When I headed home from a blues dance or party in Brixton, I was sometimes mocked by reggae-heads cruising by in their Cortina Mark IIs, Triumph Dolomites, and Ford Capris. “Trodder!” they would yell in my direction. “Do you want a lift?” they would shout, before pressing down on the accelerator. I believe this prank was inspired by a scene in Saturday Night Fever. Laughter would trail in their slipstream.
Occasionally, the teasing as I walked home would take a more sinister turn. “Nigger!” a white guy would scream as he sped by with his mates in a Volkswagen Beetle or a Mini.
It was all part of my weekend experience in the late 1970s and early 1980s. At least I always made it home. Some were not so fortunate.
I learned about the New Cross Fire when I was in Soferno B’s record shack on the Monday morning following the tragedy. A Brixton lineman said, “White mon fling firebomb inna de yard. De place ketch ah fire. Nuff sufferah dead. Me gwaan wet up de neck of ah racist white mon tonight. See if me don’t! Bloodclaat devil people dem!”
A forlorn shadow marked the faces of every reggae-head I saw that day. That initial sadness quickly turned into anger.
The New Cross Fire occurred on January 18, 1981, at a birthday party for two teenage girls. I had recently turned eighteen myself.
“Wheats! You’re now old enough for the beast to keep you and beat you inna cell for more than twenty-four hours,” a bredren warned. “Mind where you step. Resist any arrest. Don’t let the beast corner you inna cell.”
Everyone was convinced the New Cross Fire catastrophe was a racist attack. Many of us had been subjected to racist abuse in school, our places of work, on the streets, and by the police.
Prior to the tragedy, the nearby Moonshot Centre youth club, which many young Black people attended, mysteriously went up in flames. The Albany arts center, a hub for young Black creatives, suffered the same fate.
Black New Cross and Lewisham felt under attack.
Every reggae-head knew that it could have been any one of them who had lost their life. Many of us believed it was the police who launched a firebomb into the house.
Before I had reached the age of eighteen, I had been beaten up by the police twice and racially insulted by officers more times than I can remember. As far as I was concerned, they were more than capable of such a despicable act.
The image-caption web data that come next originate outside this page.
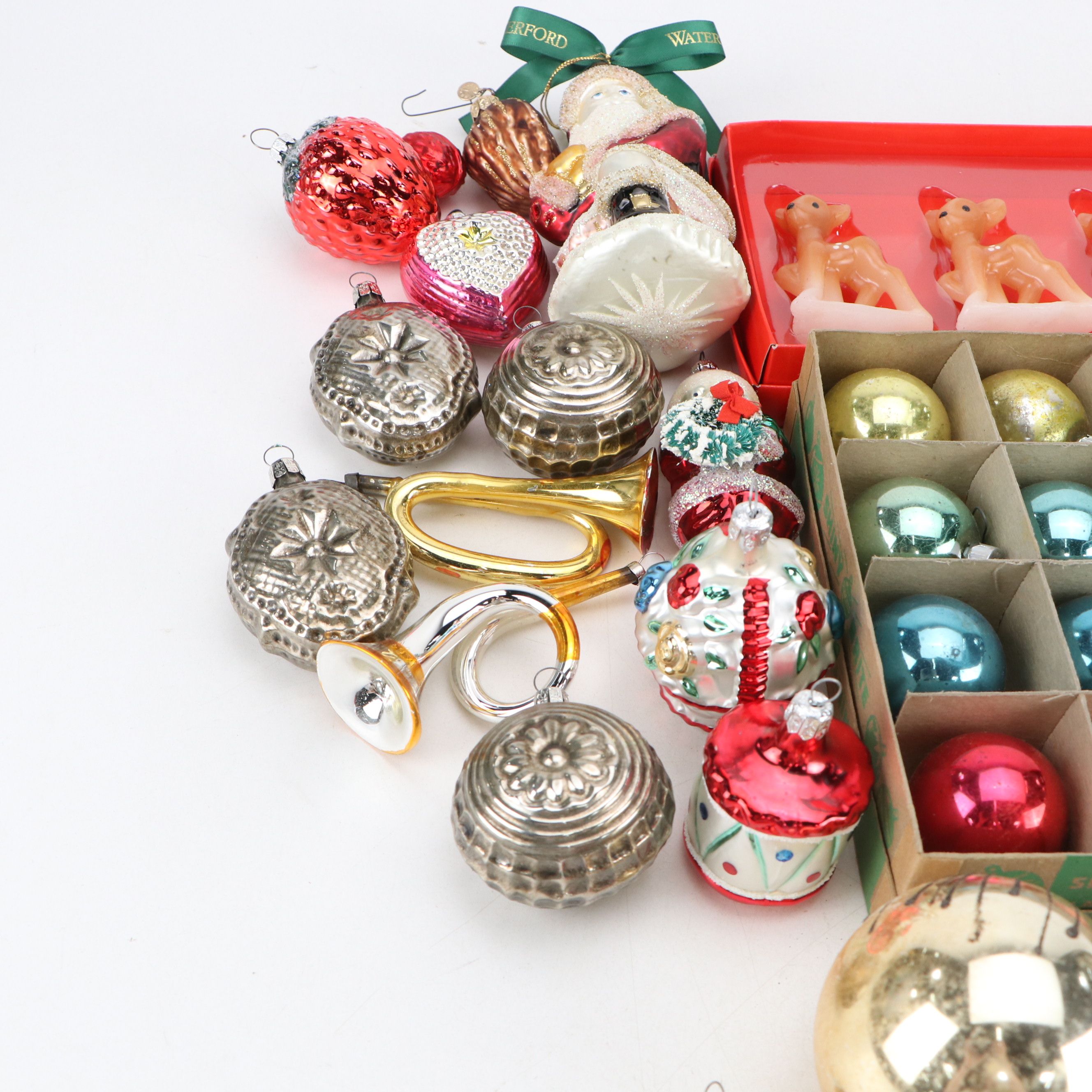 Shiny Brite, Waterford with Other Christmas Ornaments and Candles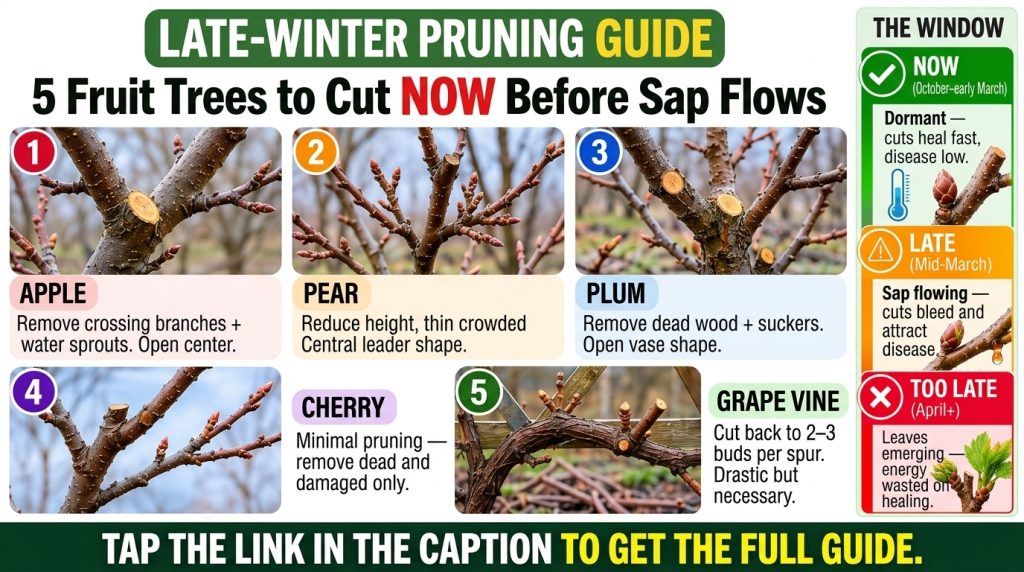 An infographic titled Late-Winter Pruning Guide showing close-up photographs of bare tree branches apple pear plum cherr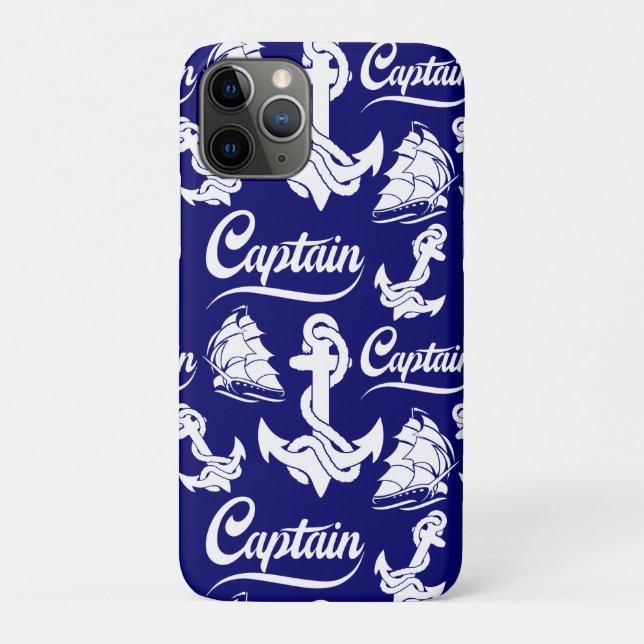 Captain Sailboat Anchor Nautical Design Case-Mate iPhone Case (Back)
The Black People’s Day of Action march, scheduled for March 2, 1981, was a protest against the unsatisfactory police investigation into the fire. I couldn’t join the start of the demonstration in Deptford because I had a job interview that morning (I wasn’t successful), and after that I jumped on a 109 bus to Waterloo.
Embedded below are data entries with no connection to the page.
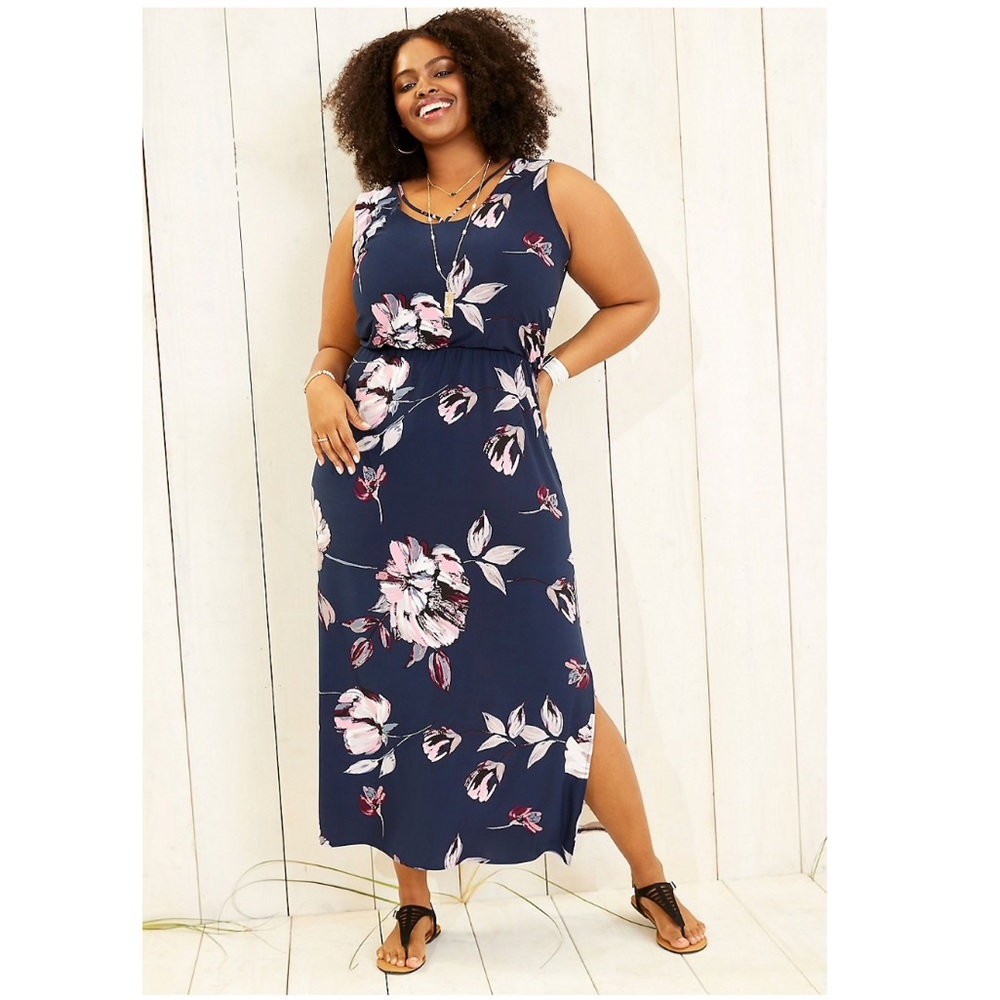 SOLD NWT Maurice’s 3x strappy neck floral maxi dress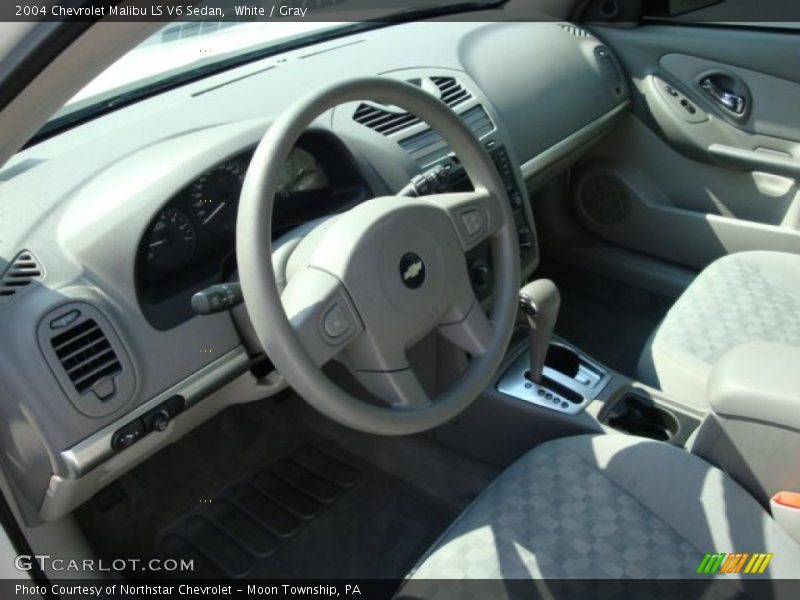 White / Gray 2004 Chevrolet Malibu LS V6 Sedan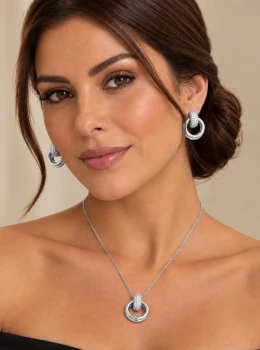 ✨️ Conjunto Colar e Brincos Argolas em Zircônias Banhado a Ouro 18K ou Prata 925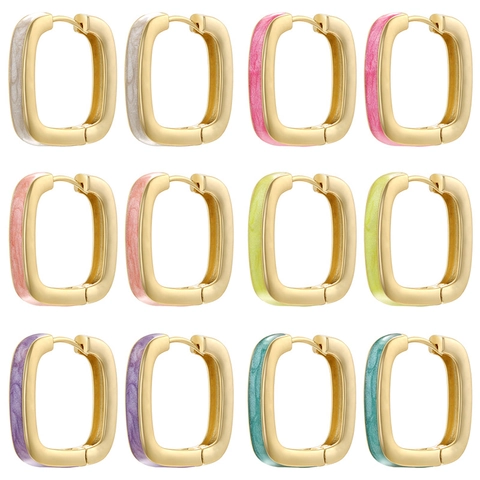 Sweet Colorful Enamel Geometric Square Hoop Earrings Copper Gold Plated Minimalist Drip Oil Earrings For Women Jewelry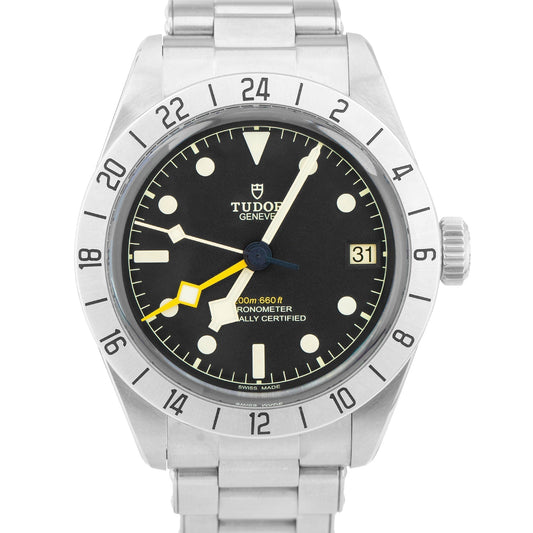 STICKERED 2022 Tudor Black Bay Pro PAPERS 79470 39mm GMT Watch Stainless B+P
I heard the rally near Blackfriars Bridge before I joined it.
I was astonished. An endless mass of Black faces made its way toward the bridge. Banners held aloft. Afros, dreadlocks, weatherman caps, and tams. Thirteen dead, nothing said! they chanted as one. I have never felt as empowered as I did on that day. I hardly recognized any of the people around me, but a surge of Black pride and belonging filled me. I raised my fist and offered my voice: Thirteen dead, nothing said!
It was clear the police didn’t want us to cross the bridge. Someone spoke through a loudspeaker and said the route had already been arranged with the authorities. I felt the Black tsunami behind me. It ebbed forever forward. They didn’t have enough numbers to hold us back. In their desperation, they attacked protesters at the front of the rally. Batons drawn and fists clenched, they lashed out. We fought back with interest. Running battles ensued. Panic stamped their expressions; we broke through their ranks.
Halfway across the bridge I was rugby-tackled to the ground. As I wriggled and threw a punch to free myself, a fellow protester came to my assistance and kicked the officer off my back. We exchanged knowing smiles. He who feels it knows it.
“The niggers are in the city,” a policeman barked into his radio. “There are millions of ’em!”
Racist abuse was also hurled down from upstairs offices: “Why don’t you fuck off back to your jungle!”
“Why don’t you get your white bombaclaat raas down here and say that to my face?” a sufferah shot back.
The invitation wasn’t accepted.
“You don’t belong here!”
Monkey chants followed.
The situation was incredibly tense.
March stewards attempted to calm our responses to the racial abuse.
I started to fret about my chances of making it back home to Brixton. The Brixton police are brutal, city beast might be worse. There was safety in numbers. Stay with the march, Alex, I told myself.
“Why aren’t there more police to control the coons?” someone called from above.
At times, it was hard not to react, race into an office block, smash a window, and wreak vengeance.
Linton Kwesi Johnson’s “New Crass Massahkah” perfectly summarized the New Cross Fire in compelling dub poetry: Physically scarred, the mentally marred … I had already become aware of LKJ from “Sonny’s Lettah,” where he relates the story of a young Black man’s arrest.
On the evening of March 2, 1981, when I made it safely back to Brixton, something had changed. I could see it in the faces of fellow sufferahs who rode the bus with me.
Yes, we can stand firm and put up resistance. If there will be blood, then mek it run. We’re more than ready.